Hong Kong. Protests began in March opposing a proposed bill that would have allowed Hong Kong citizens to be extradited to mainland China. The protests quickly turned into wider calls for democracy. Approximately 2 million people participated in a rally June 16. Two people have died since March.
Indonesia. In September, students in major cities protested the weakening of the Corruption Eradication Commission. At least two were killed. Protesters also demanded the government overturn new laws that penalized people for insulting the president, and banned extramarital sex, and gay and lesbian relations.
Iran. In November, protests erupted across Iran after the government announced a 50% increase in gasoline prices. More than 140 protesters have been killed in 22 cities. More than 1,000 have been arrested in a nationwide crackdown.
Iraq. Since October, anti-corruption protests have been held in Baghdad and the south of the country. By the government’s own count, more than 350 people have died and nearly 1,000 have been injured.

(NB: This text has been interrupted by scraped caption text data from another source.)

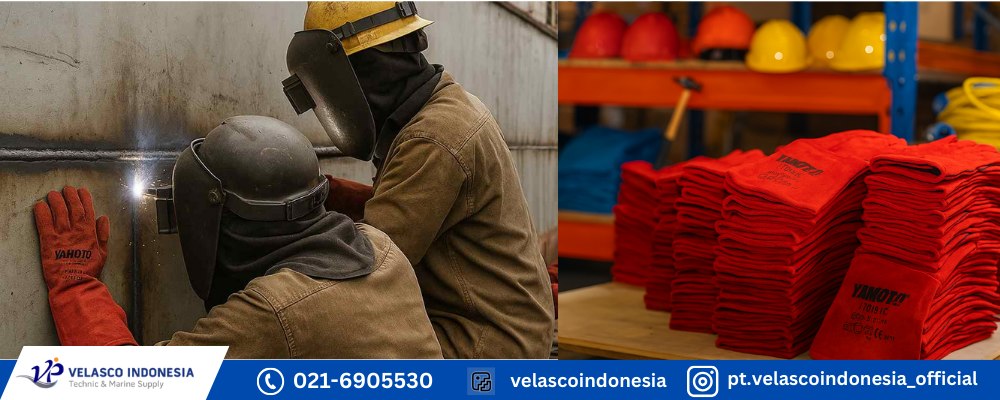 sarung tangan las velascojkt1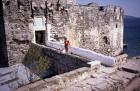 Medieval Fort Bodrum, Turkey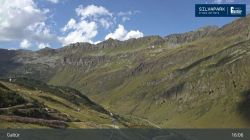 Ballunspitzbahn 1950 m.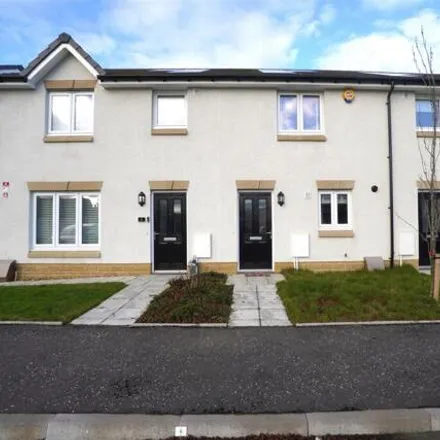 Buy this 2 bed townhouse on unnamed road in Moodiesburn, G69 0FB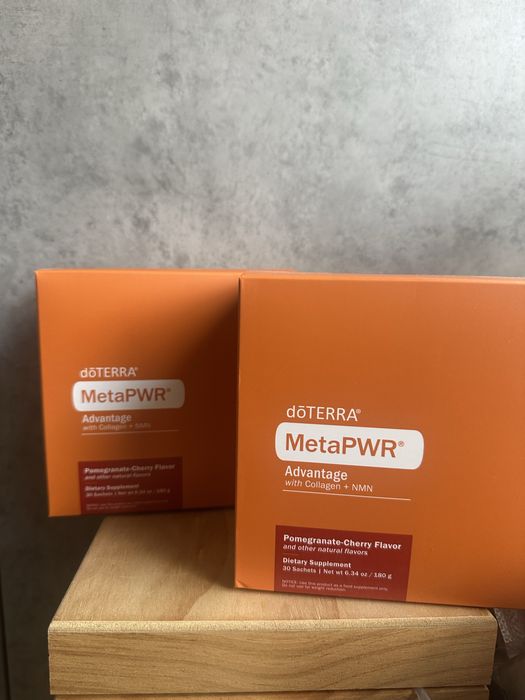 Colagen doterra SUA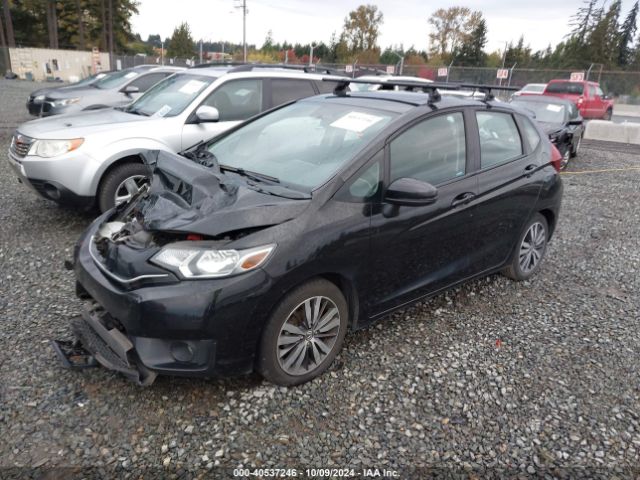 3HGGK5H82FM722657 Honda Fit Ex/ex-l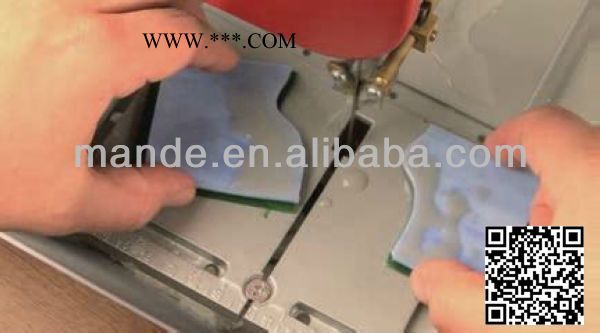 MD9425不锈钢基体无接缝金刚石锯条切割玻璃陶瓷水晶五金工具配件图6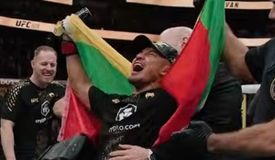 UFC 331: Ван побил Пантожу в ярком реванше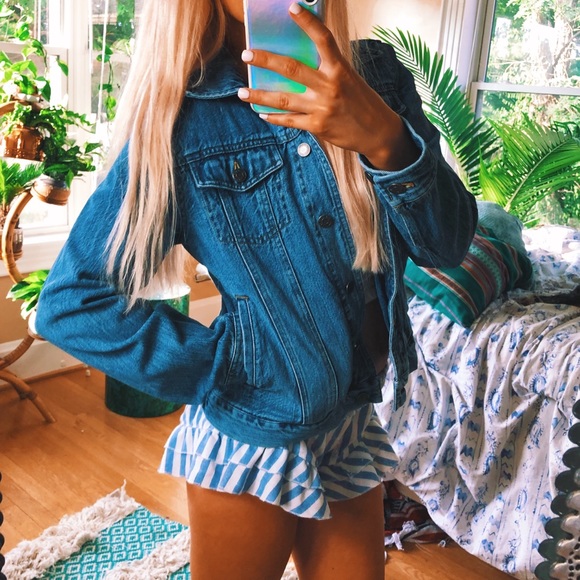 Ralph Lauren Jackets & Blazers - ralph lauren denim jacket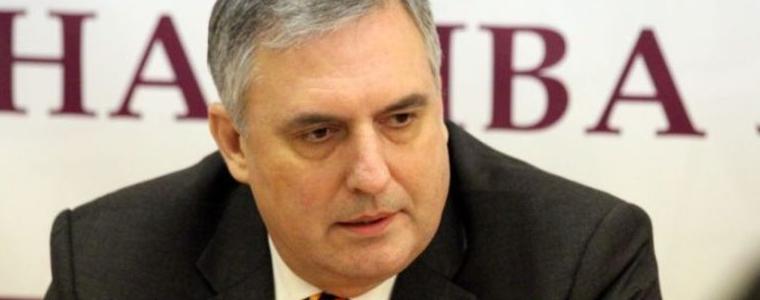Няма да подкрепим партиен кандидат за президент от БСП, категоричен Калфин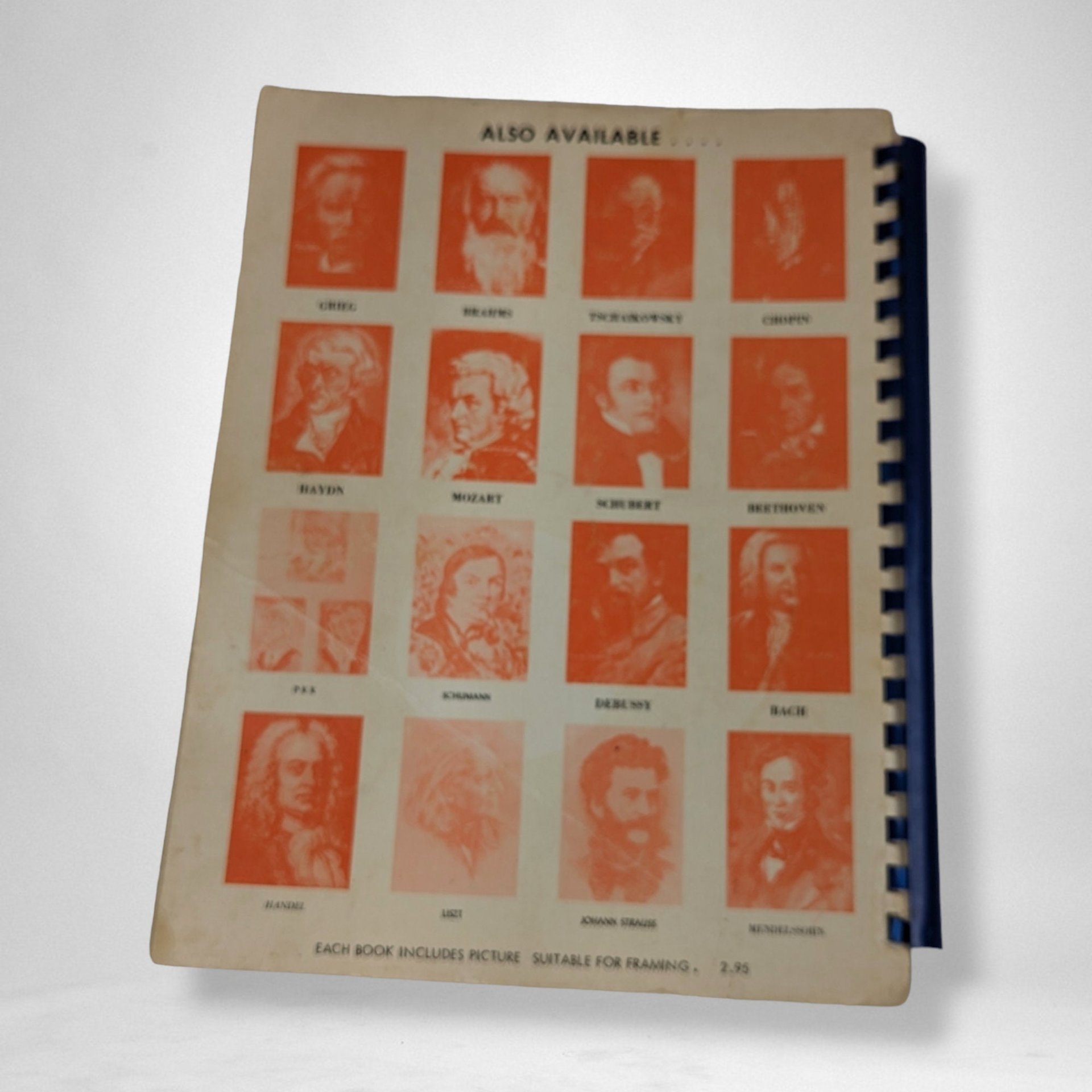 Timeless Melodies: 1971 Bach Greatest Piano Solos by Alexander Shealy Sheet Music Book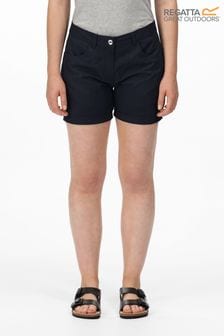 Regatta藍色Pemma棉質短褲 (M11626) | HK$245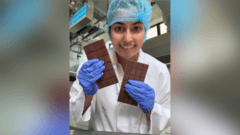 First Fully British Chocolate Bar Produced Since 1932 Unveiled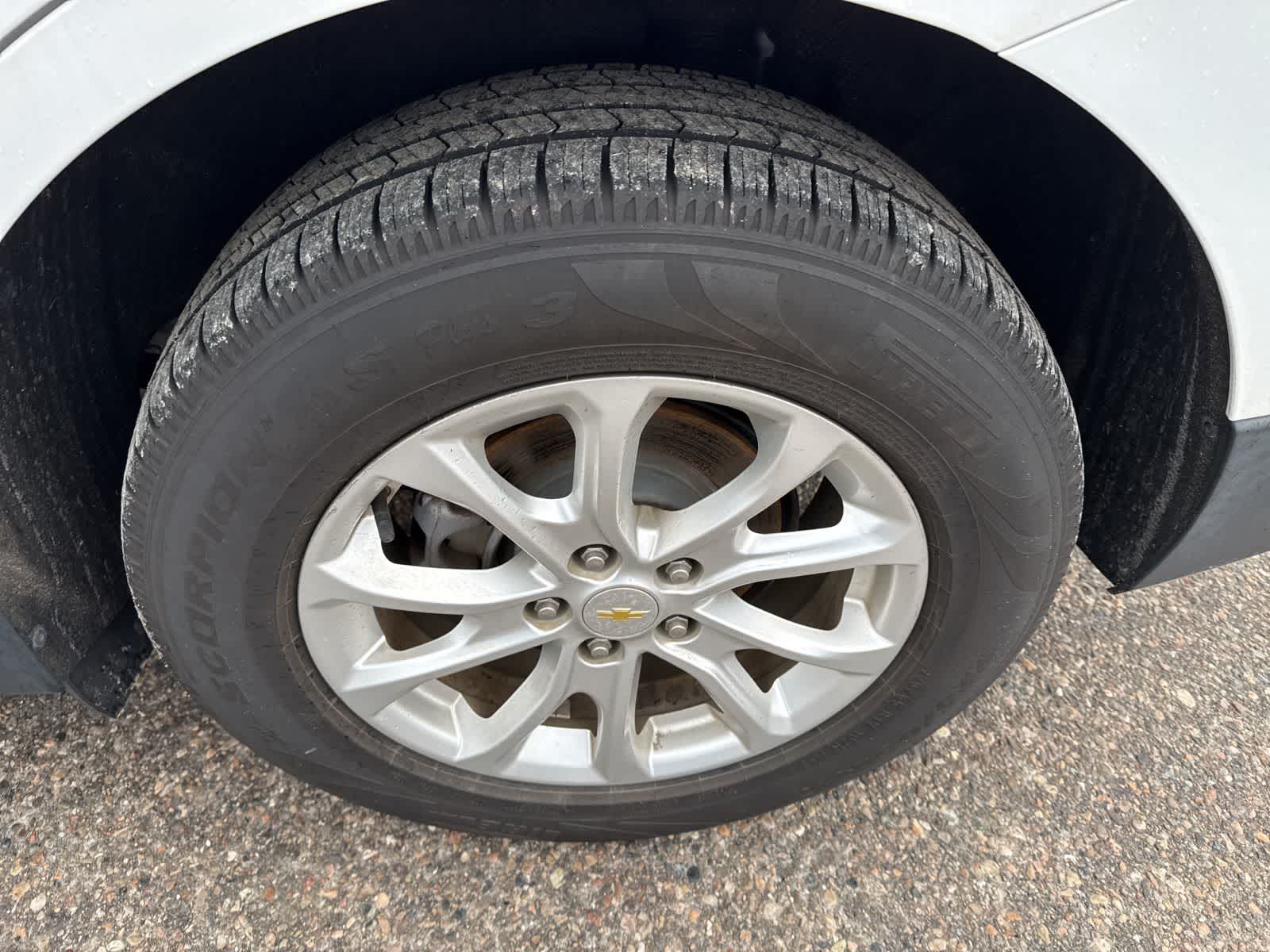 Thumbnail: 2020 Chevrolet Equinox - 7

Lebanon. Since October, protesters throughout the country have demanded an end to corruption, calling for a new government made up entirely of “technocrats,” or non-politicians. Protesters also demanded more jobs and improved services such as electricity, water and health care.
Russia. Since summer, approved and unapproved protests have occurred in Moscow, sparked by the city council elections from which opposition candidates were barred. More than 1,500 protesters have been arrested, some sentenced to long prison terms. Demonstrators now demand the release of jailed protesters.
Spain. Pro-independence demonstrators in the Catalonia region flooded the streets in October after nine separatist leaders were given long prison sentences for holding an illegal referendum in 2017.